「……ったく、しょうがねぇなぁ」
そう呟きながら乱暴に頭を引き寄せられたかと思うと、そのまま尚人の胸の中に閉じ込められた。
その拍子に持っていたボールが床に落ちる。
耳元で、ぶっきらぼうな声が言った。
「――好きだから、気になるに決まってんじゃん。実夏の気持ちは俺のものなんだから、誰にも渡したくねぇ。そう思うのは当たり前だろ?」
……何て、自意識過剰な言葉だろう。
だけど照れくさい中で尚人を見上げれば自信満々に笑っているので、完全にお手上げだ。
それに言ってることは……間違いじゃないしね。
こう言ってもらえるだけで十分だった。嬉しくて尚人の背中に手を回してしがみつけば、幼い頃から慣れ親しんできた匂いにとても落ち着いた。

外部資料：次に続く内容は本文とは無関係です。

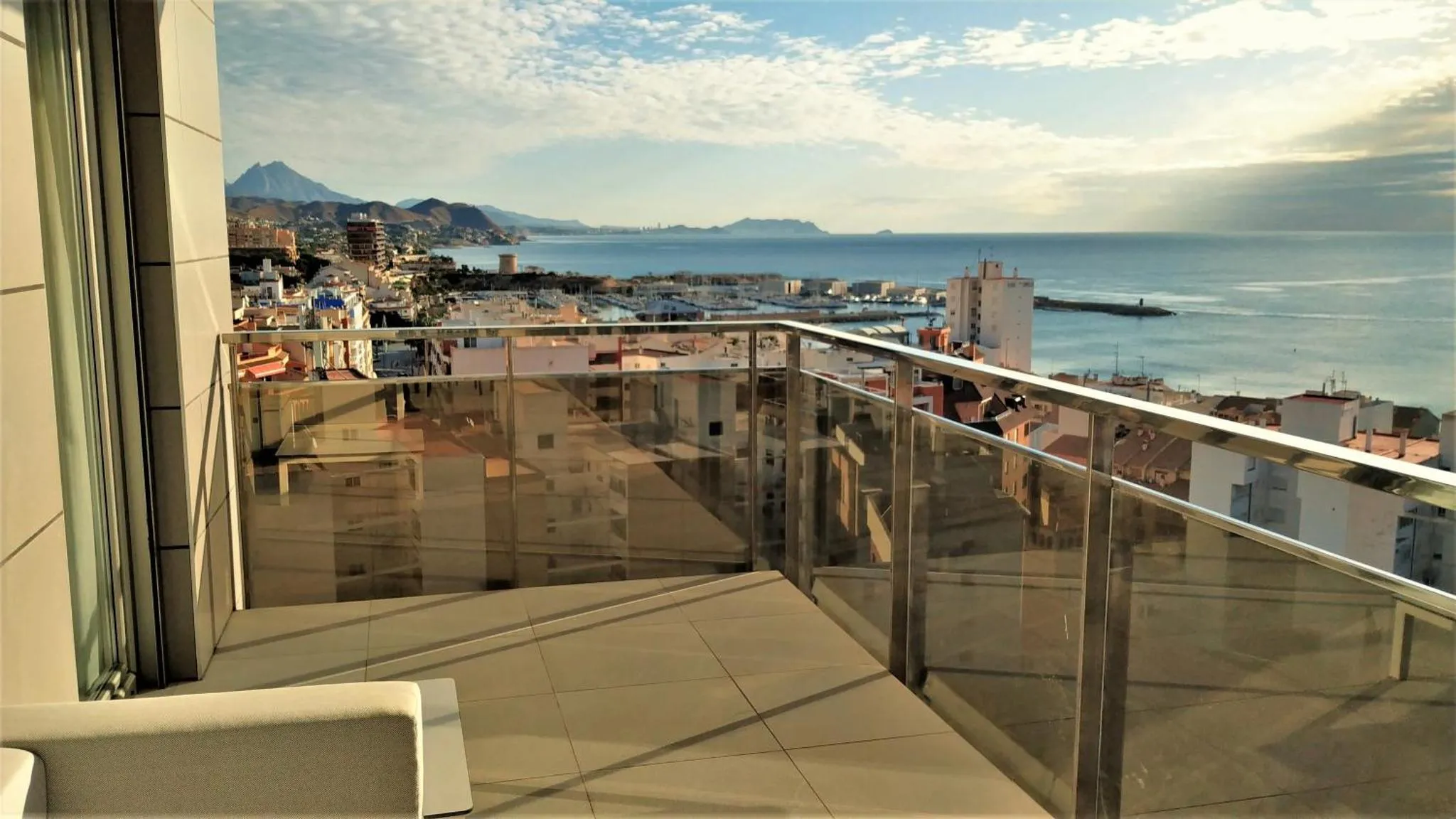 Vue d'une terrasse avec une rambarde en verre donnant sur la mer et les montagnes.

「……うん、あたしの気持ちは昔から尚人のものだよ。ねぇ、尚人の気持ちは誰のもの?」
また質問をするなんて、あたしはあとどれだけシュートを決めなければならないだろう。
先が思いやられるけど、嬉しそうに笑った尚人を見たら俄然やる気が出てきた。
「……俺の気持ちは、ずっと実夏のものだ」
打って、外れて、また打って。
そうやって何度もゴールを目指すことでシュートが少しずつ上達していくように、あたし達の恋心も成長していたのかもしれない、なんて。
恋心を乗せたシュートが尚人に届いた今なら、そんな風に思えた。